Many workers in the field of nanodielectrics, or more generally nanocomposites, have suggested that the key to understanding these systems lies at the interface between nanoparticle and matrix. The argument is that local interactions will define both the structure and molecular dynamics in consequent interphase regions. Along with the processing methodology, this will then determine the distribution of the nanoparticles throughout the bulk. Generic terms like “polyethylene” or “epoxy resin” cover a vast array of different molecular forms and microstructures, resulting in different material properties, depending on various factors like, for example, the processing temperature. As an example, there are more than 50 compounds that fit the definition of epoxy resin, which can be combined with several hundred types of hardener [1, 2]. Polyethylene is also not limited to varying degrees of cross-linking, but can exhibit various crystalline structures spanning the size range of nanometers to micrometers [3]. When surface modified, nanometric particles of varying aspect ratios are added to the mix, the terminology “nanodielectric” gets

even fuzzier.

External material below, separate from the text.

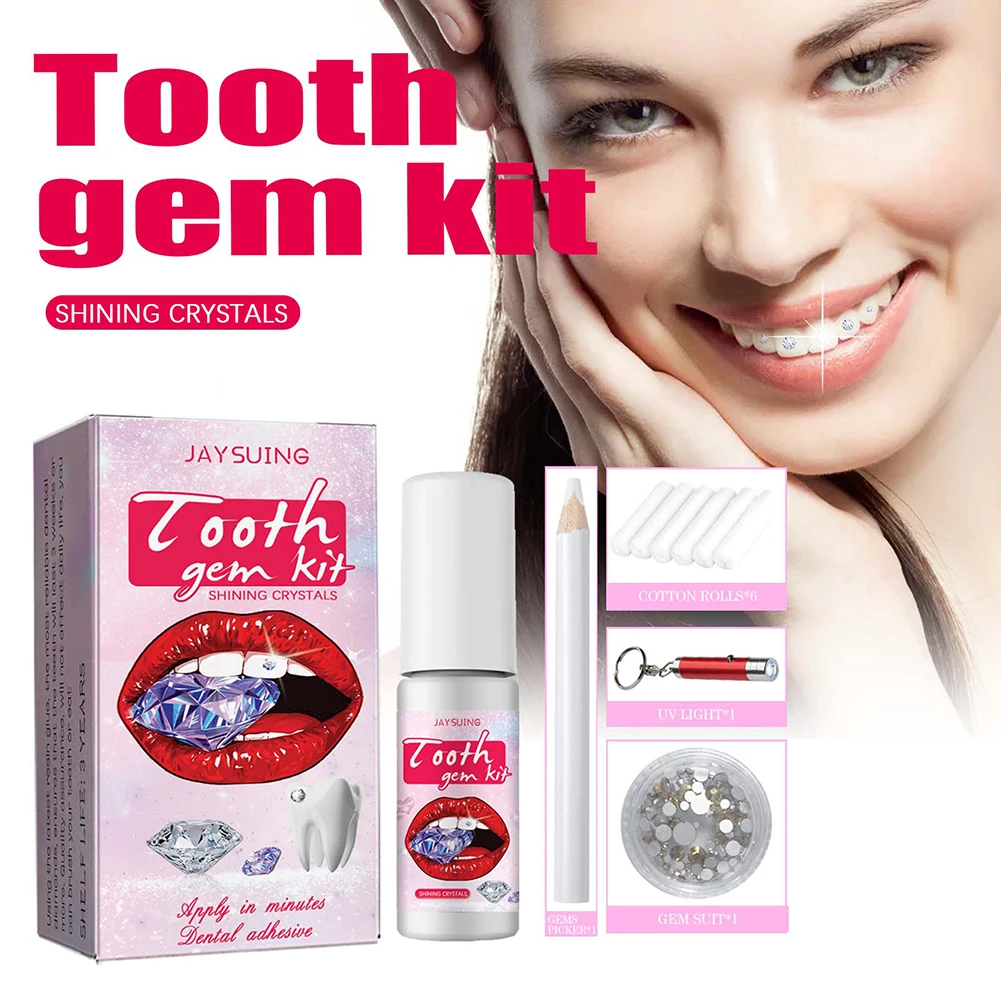 DIY Tooth Gems Kit with Crysta - Teeth Whitening From Home recension och pris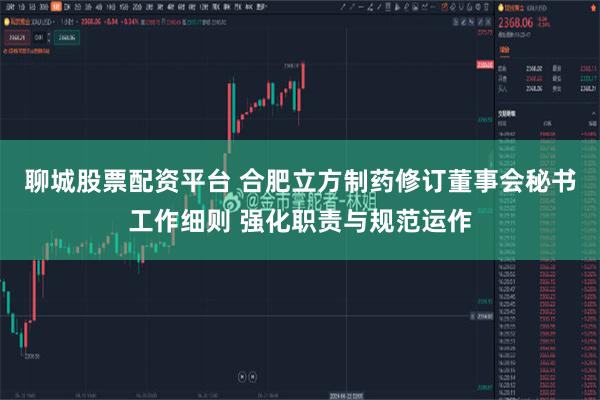 聊城股票配资平台 合肥立方制药修订董事会秘书工作细则 强化职责与规范运作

However, in the literature it is often assumed that nanocomposites must contain inorganic filler particles in order to be classified as such. The definition of “nanoparticle” is equally vague. It is generally accepted, that engineered materials with at least one dimension smaller than 100 nm are considered nanofillers. This includes such diverse structures as spherical nanosilica, graphene sheets, nanoscale rods or urchin-like structures that are created by RAFT methods. A series of questions needs to be answered, in order clearly to define such a composite material built from a combination of such diverse components. Questions like: what is the size distribution of the particles? How well dispersed are the particles in the polymer matrix? What is the inter-particle distance, i.e., the average distance between neighboring particles? How large are the agglomerates and how many are there? A good particle dispersion does not guarantee a good particle distribution (see Fig. 5.1). What is the surface chemistry of the particles and how does it affect the polymer? Are there by-products left in the polymer from the manufacturing process? All these and many other factors affect the dielectric performance of nanostructured materials, albeit it is not always clear to what extent [4]. A wide range of different techniques are therefore relevant to characterize these systems.